**Supplied records**.
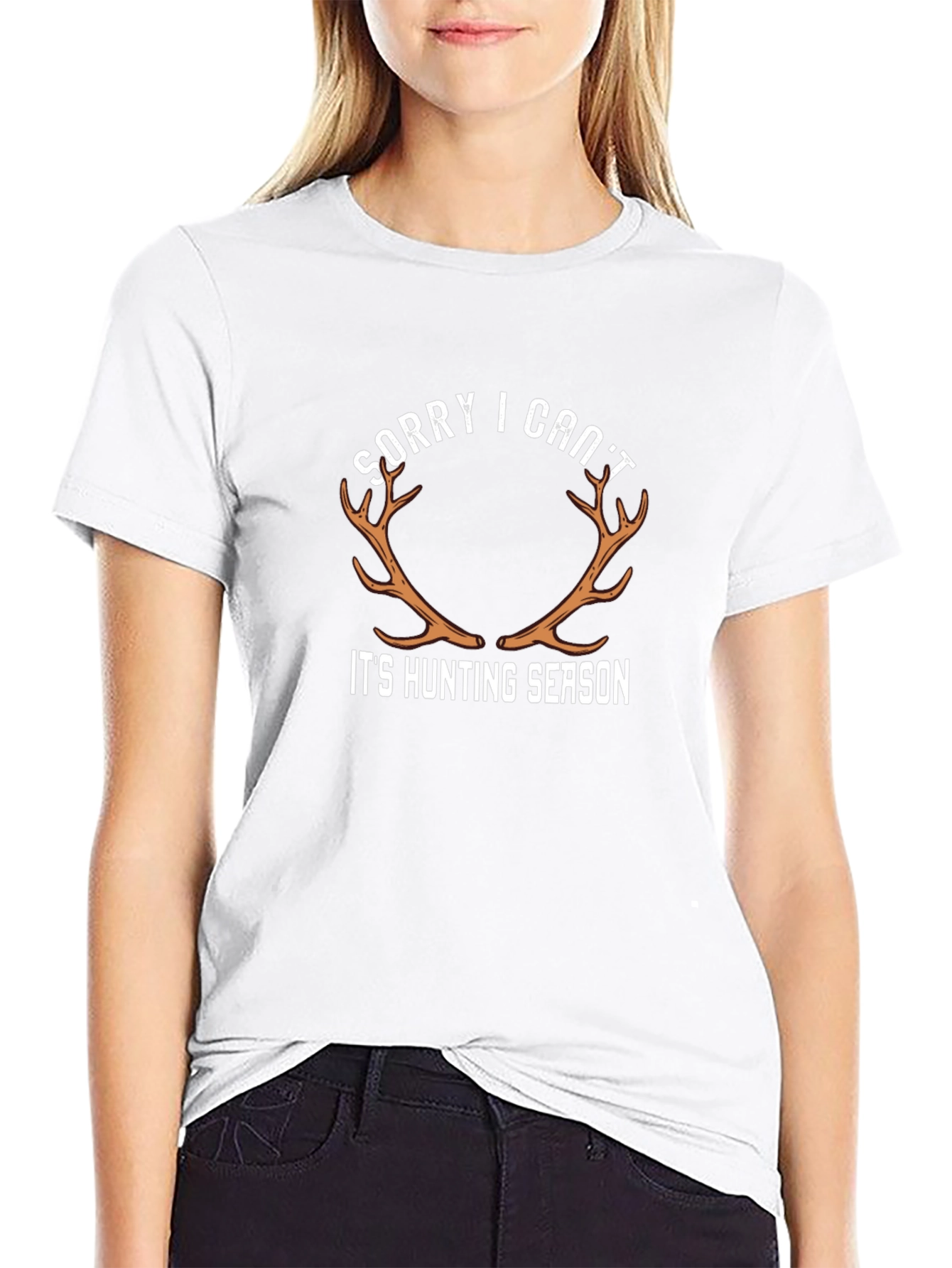 Sorry I Cant Its Hunting Season Graphic Tee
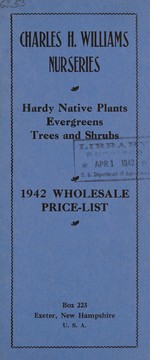 Hardy native plants, evergreens, trees and shrubs by Charles H. Williams Nurseries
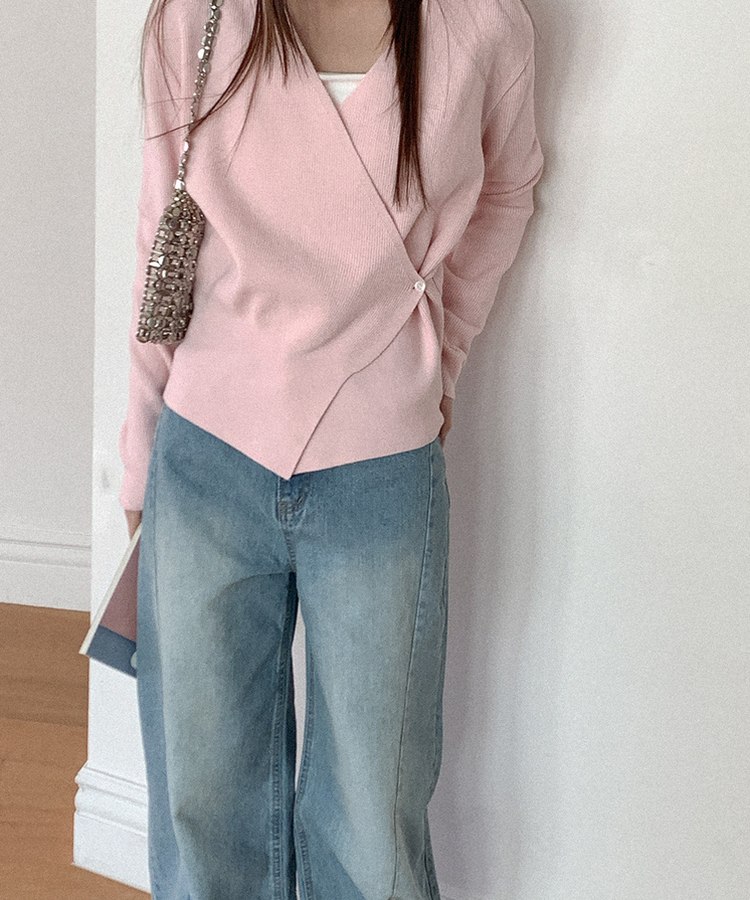 ワイドスリットデニムパンツ LIGHT DENIM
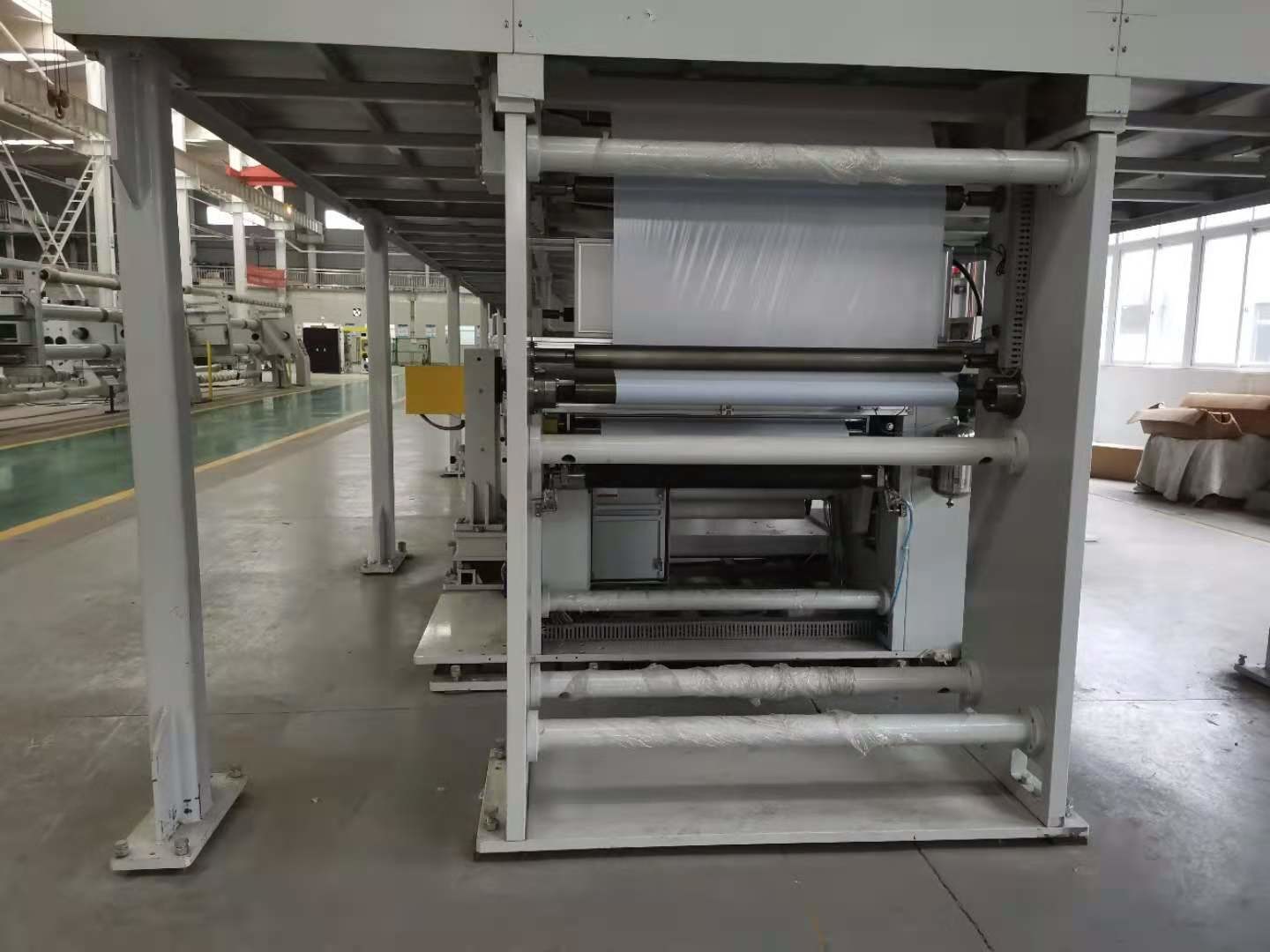 RAL7035 Aluminum Foil 1400mm Web Coating Machinery , Roll To Roll Coating Machine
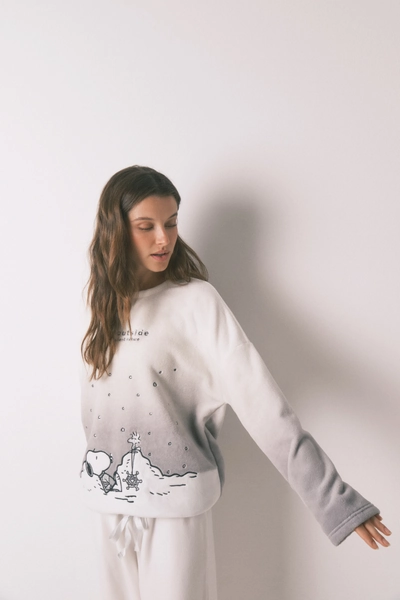 Pijama comprido de polar do Snoopy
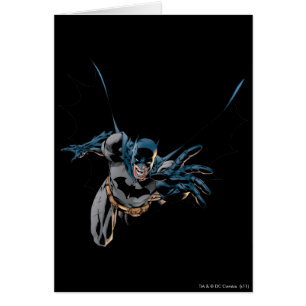 Batman Yells och lungor Hälsningskort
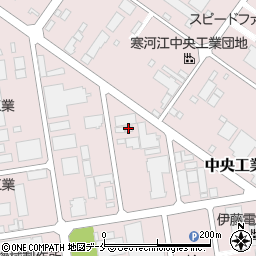 山形県寒河江市中央工業団地52周辺の地図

**Task to carry out**. Output an exact copy of the lines from the one with "Hardy native plants, evergreens, trees" through the closing line of the records, inclusive, without any images.

**Exercise response**.
 Hardy native plants, evergreens, trees and shrubs by Charles H. Williams Nurseries
 ワイドスリットデニムパンツ LIGHT DENIM
 RAL7035 Aluminum Foil 1400mm Web Coating Machinery , Roll To Roll Coating Machine
 Pijama comprido de polar do Snoopy
 Batman Yells och lungor Hälsningskort
 山形県寒河江市中央工業団地52周辺の地図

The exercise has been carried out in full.